Available data:
━━━

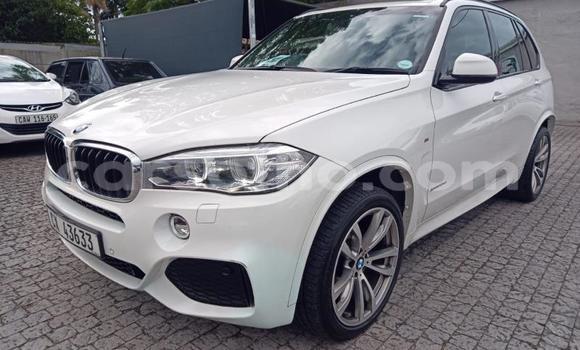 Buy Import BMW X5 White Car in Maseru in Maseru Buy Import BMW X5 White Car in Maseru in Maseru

━━━

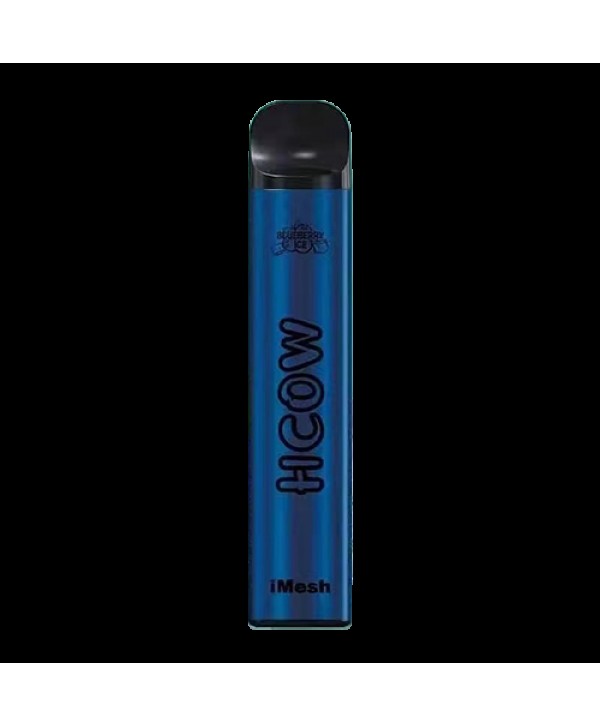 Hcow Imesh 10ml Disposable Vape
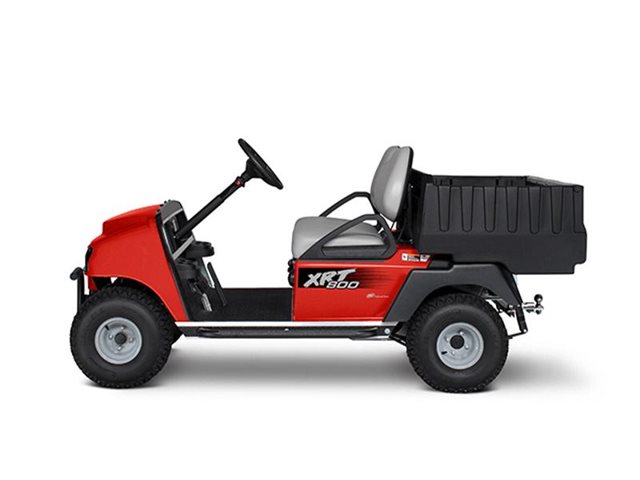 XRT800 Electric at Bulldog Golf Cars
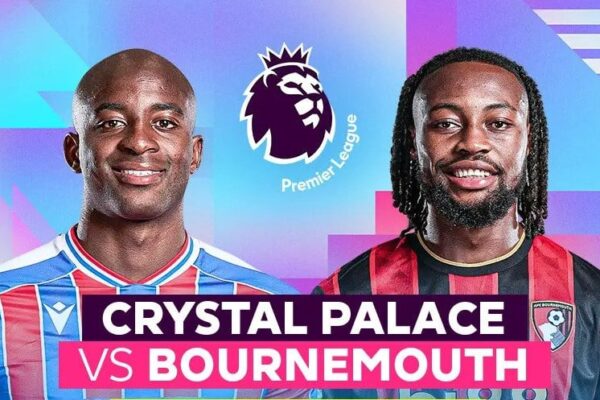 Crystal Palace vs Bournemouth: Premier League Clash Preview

━━━

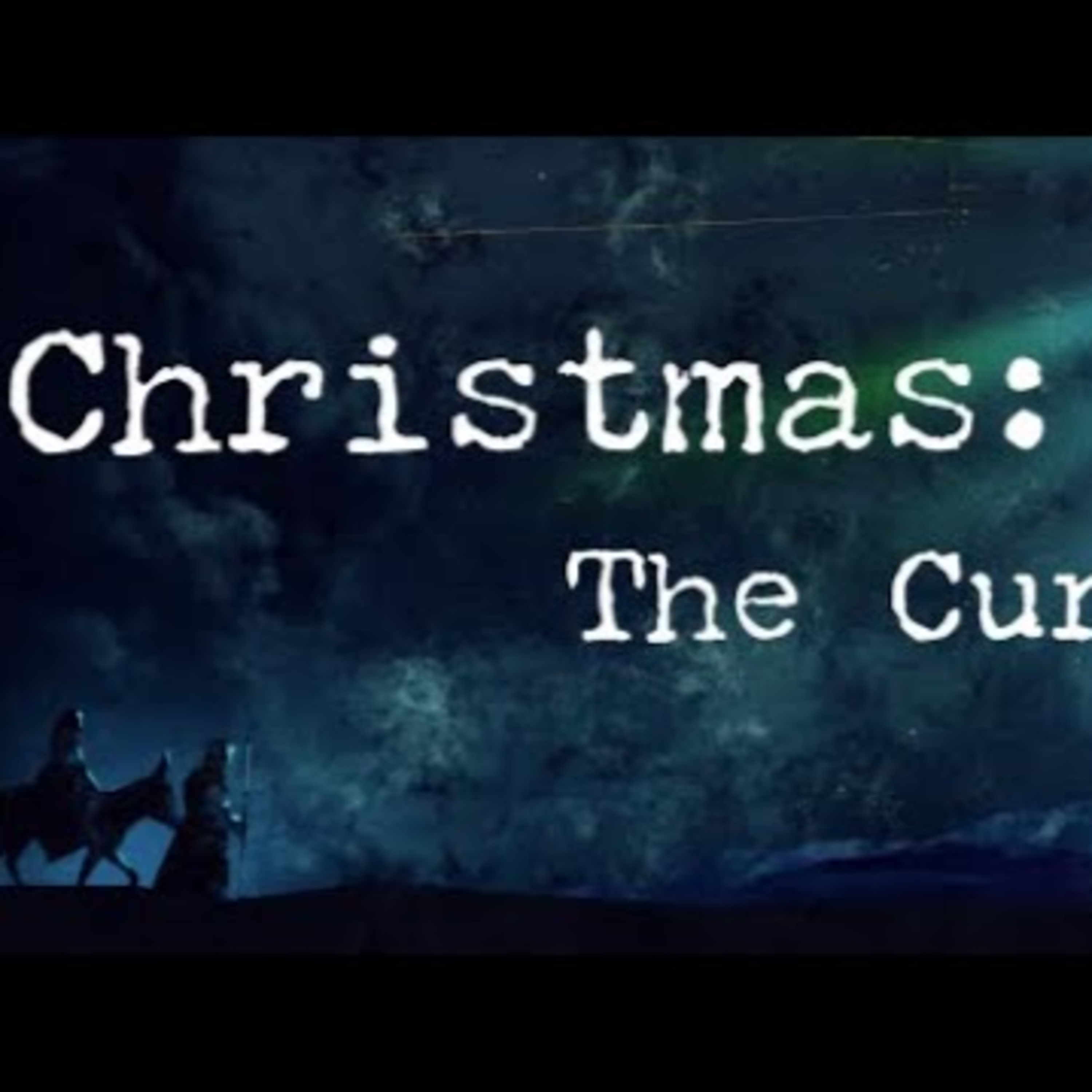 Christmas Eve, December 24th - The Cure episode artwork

━━━

Instructions to follow:
The copy should hold only the lines from the one with "Hcow Imesh 10ml Disposable Vape" through the one with "Crystal Palace vs", exactly as they stand above. Leave out the pictures.

Exercise output:
 Hcow Imesh 10ml Disposable Vape
 XRT800 Electric at Bulldog Golf Cars
 Crystal Palace vs Bournemouth: Premier League Clash Preview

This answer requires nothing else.